Before there was Deep Impact and Armageddon, world destruction was done up in 1950’s sci-fi style.
The rights to Philip Wylie and Edwin Balmer's 1932 doomsday novel When Worlds Collide belonged to Cecil B. DeMille for a time and languished on the shelves. In 1950, producer George Pal got his hands on the project, and eager for a follow-up to Destination Moon, Pal made sure it languished no more.
South American pilot David Randall flies to the States, armed with classified astronomical information that he is supposed to deliver to Dr. Hendron. Lucky for him, Hendron’s sexy daughter Joyce brings him right to Daddy. The super-secret documents, unfortunately, predict what Hendron has feared for quite some time…the end of the world is a-coming, thanks to a giant asteroid that’s on a collision course to Earth.
When the good doctor presents his hypothesis to a UN committee, he is roundly mocked. The only believers are from the private sector, led by wheelchair-bound millionaire Sydney Stanton. Stanton forks over enough money to fund Hendron’s survival plan: a huge space ark that will transport a small group of people to an inhabitable moon called Zyra.

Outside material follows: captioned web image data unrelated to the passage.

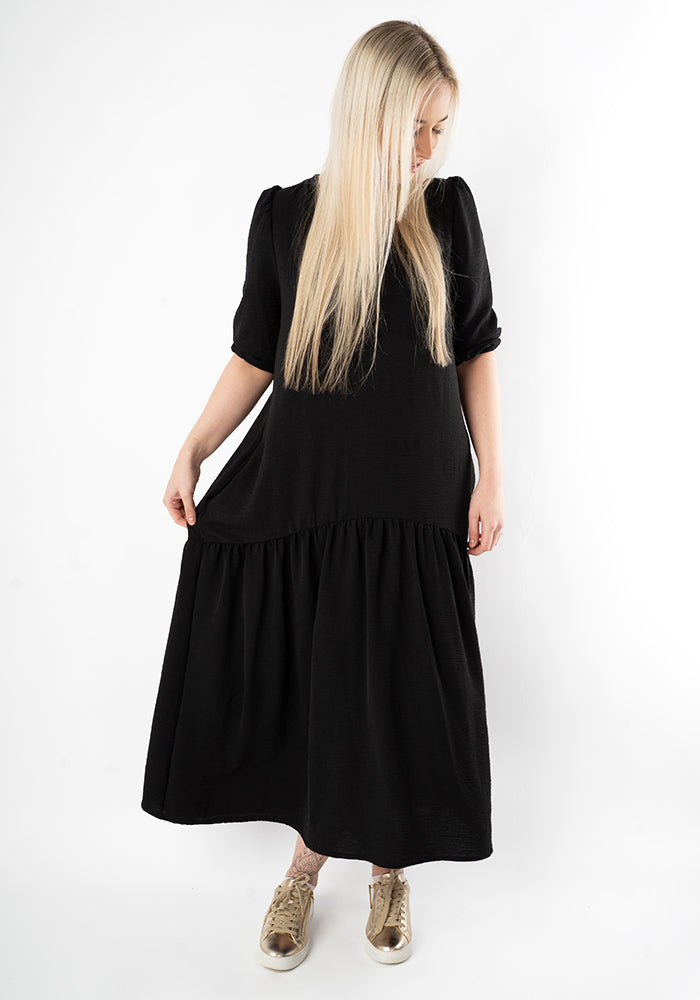 Second angle of Didi Black Dropped Waist Oversized Relaxed Fit Midaxi Dress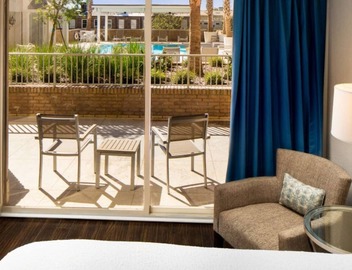 Downtown Savannah | Rooftop Pool + On-Site Bar 2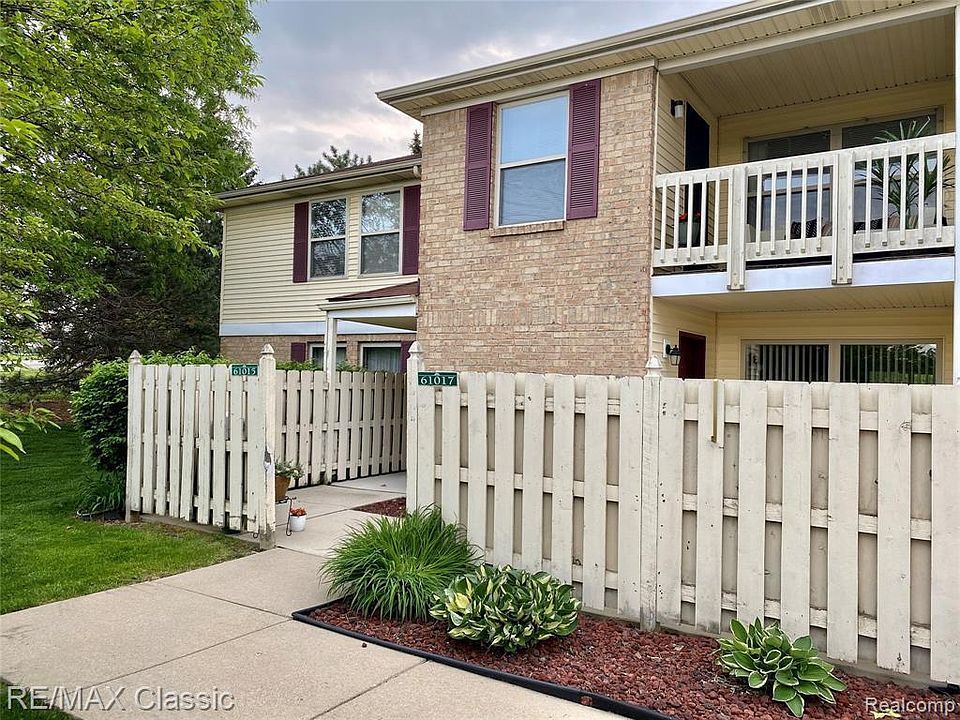 1st image of 61017 Greenwood Dr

Construction ensues. The giant spaceship is hammered out by a group of 600 young men and women, who toil away in hopes of being one of the Hendron’s lucky lottery winners—the prize being a seat on the ship when it finally takes off.
Alas, the asteroid does hit our fair planet, and we see various glimpses of world destruction (which helped win the film the Academy Award for Special Effects), including the flooding of New York City. Hendron’s ship, packed up with the world’s great literature and forty lucky travelers, careens down a huge ski jump-type ramp and takes off in the nick of time. Takes off, however, sans a few familiar faces. Do lovebirds Joyce and David make the cut? Or are they, in that most awful Titanic couple-separation tradition, to be tragically torn apart?
In the throes of 1950’s Cold War paranoia, the notion of the end of the world wasn’t just a notion. It was a honest-to-goodness, keep-you-up-at-night fear. Take the Cold War and mix it with Pal’s usual fire-and-brimstone, "The Second Coming Is Near" type of religious themes, and you have more than enough psychological context for this movie’s apocalyptic premise to really resonate.
Pal tried to no avail to get a sequel off the ground (silly pun intended), which would have been based on the novel’s sequel, After Worlds Collide.